The dataset in use for this specific project belongs to NASA and is readily provided on Kaggle. It is publicly available and anyone could use the data for their own analysis, hence we are eligible to have such access to the data we are using in this project. Considering the credibility of NASA as a company, we believe that the data being used in this project is transparent. The variables that are being measured such as temperature and luminosity are objective and since it doesn't involve any individual in particular, data privacy is not that much of an issue. With that laid out, our intent is to come up with an objective analysis with ethics and privacy concerned from as many angles possible.

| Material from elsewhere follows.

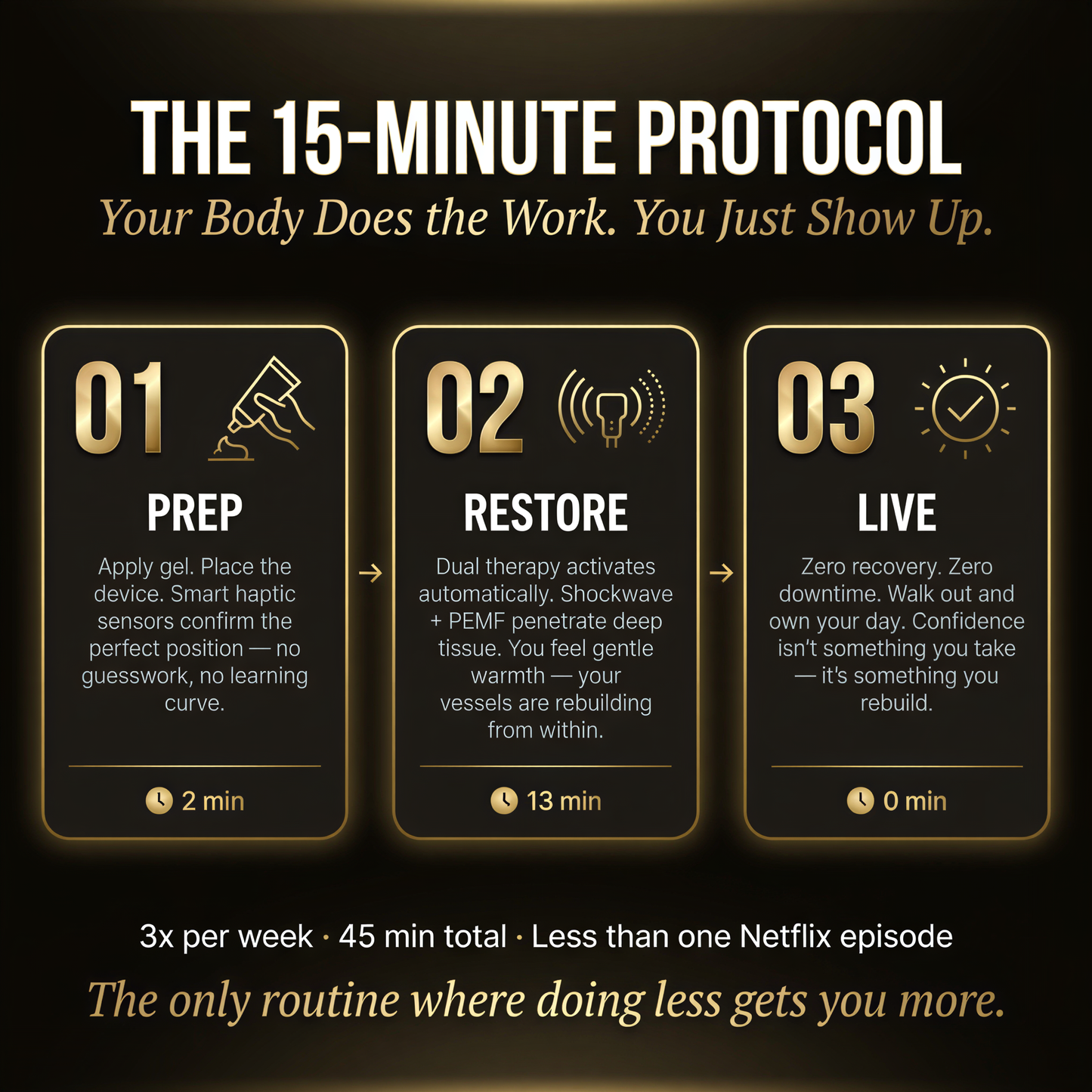 Jebman™ VigorDrive Dual Therapy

Even if the data that we are using are ethical, we can't deny the possibility of biases. An example of such biases include the accuracy of the equipment used by NASA. We understand that measuring these variables to the dot is quite frankly impossible. Hence, perhaps it is to an extent that the data that is provided in the dataset comprises of rough estimates. Unfortunately, it was not indicated on how far off these values are. If these data are strictly used for experimental purposes, then we trust that these measurements are recorded with the utmost precision. 

# Team Expectations 

Our group’s expectation is to get a good visualization of the cleaned data and conclude a best-fit answer by statistically analyzing the data and graphs for the research question we are working on. Our communication is mostly through the discord group chat to brainstorm and conceive the project. For now, it would be the most efficient way for us to share ideas because of having members from different time zones. If necessary, we will schedule a zoom meeting to update our latest progress of the project and discuss further the undecided issues. Every one of our team members whose names are listed above has read the COGS108 Team Policies. All of us agree to achieve this team’s expectations and are willing to dedicate ourselves to accomplish the project.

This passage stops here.